Níveis históricos no rio Danúbio
A seca prolongada e o clima quente em toda a Europa fizeram com que os níveis de água ao longo do rio Danúbio, que liga a Bulgária à Romênia, atingissem mínimas históricas. A imagem, capturada pelo fotógrafo Nikolay Doychinov da AFP, ilustra a gravidade da situação.
Impactos em incêndios florestais e na vida no continente
O estudo indica que o calor extremo agrava incêndios florestais e impacta a vida no continente. A atmosfera mais quente aumenta a demanda evaporativa, secando o solo e a vegetação, o que cria condições propícias para queimadas de grandes proporções.
De acordo com os pesquisadores, as temperaturas elevadas tiveram um impacto maior do que a falta de chuva na intensificação das secas. Isso significa que, mesmo com chuvas normais, regiões podem enfrentar déficits hídricos severos devido ao calor.
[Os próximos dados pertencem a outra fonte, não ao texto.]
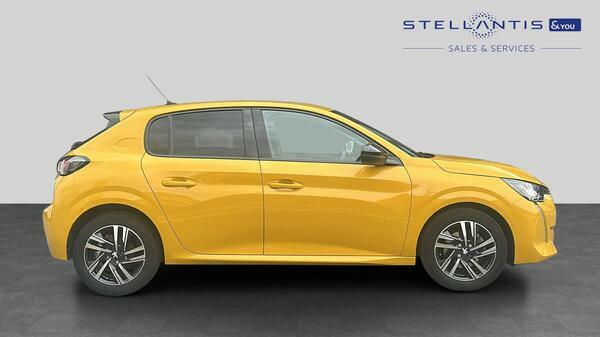 Peugeot 208 1.2 Puretech Allure Premium Hatchback WU23YNR #2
Consequências para a agricultura e abastecimento
As secas prolongadas afetam diretamente a agricultura, reduzindo a produtividade das culturas e aumentando os custos de irrigação. Além disso, o baixo nível dos rios compromete o transporte fluvial e o abastecimento de água para comunidades e indústrias.
O estudo reforça a necessidade de medidas urgentes de mitigação e adaptação às mudanças climáticas, incluindo a redução das emissões de gases de efeito estufa e o desenvolvimento de estratégias de gestão hídrica mais resilientes.